Top producer Ivory Coast fears for cocoa output after rains

Top producer Ivory Coast fears for cocoa output after rains

ABIDJAN

"Thirty years I've been in cocoa - and this is the worst season yet," said Siaka Sylla as he contemplated an almost empty warehouse at his cooperative in Ivory Coast, the world's top producer of the bean.

Following exceptionally heavy rain, this year's overall harvest of cocoa, used to manufacture chocolate, is set to be very low. The crop is harvested twice annually - October to March for the main crop and a May to August mid-crop.

On a hot November morning, a squad of trucks arrived from the plantations to drop off a few dozen bags of beans at the Scappen cooperative in the village of Hermankono, near the central southern town of Divo, some 200 kilometers from the economic capital Abidjan.

"It's rained too much this year. Usually at this time, trucks are queueing up to unload. Here, we have barely 200 bags whereas we could stock 10 times as many," complained Sylla, chairman of the cooperative grouping some 1,500 planters.

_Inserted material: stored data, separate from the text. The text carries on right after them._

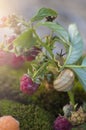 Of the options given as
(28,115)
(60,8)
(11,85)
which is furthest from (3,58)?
(60,8)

He expects harvest volume to drop some three to four times on last year's.

A look in the fields nearby suggests that fear is well-founded. And Analysts confirm as much.

"Traders are worried about another short production year and these feelings have been enhanced by El Nino that could threaten West Africa crops with hot and dry weather later this year," said Jack Scoville of Price Futures Group.

The analyst warned of "tight supplies" amid "more reports of reduced arrivals in Ivory Coast and Ghana," the number two global producer.

July was a particularly rainy month in Ivory Coast's south, just as the cocoa plants were flowering.

As a result, "the flowers fell," the farm worker said as he explained his meagre harvest.

Of those cocoa pods which resisted, some rotted anyway in the excessive humidity.

Some areas have seen rainfall this year between 20 and even 40 percent above the 1991-2020 norm.

To blossom fully, cocoa needs a subtle alternation between sunshine and rain.

"We'd forecast a 20 percent drop on last year and our forecasts are confirmed. With the heavy rains, many pods have rotted," Yves Brahima Kone, who heads Ivorian regulator the Coffee-Cocoa Council (CCC), told AFP.

With a 40 percent share of global supply, Ivory Coast is the world's top producer ahead of neighbouring Ghana, whose production has recently suffered from cocoa swollen shoot virus disease, as well as illegal mining on some cocoa farms.

Anticipating a poor crop, Ivory Coast suspended export contracts - some two-thirds of produce usually goes to the EU - back in July.

As a result of that move, cocoa prices have soared on commodity markets beyond $4,000 a tonne in New York, a level not seen in more than four decades, since 1978.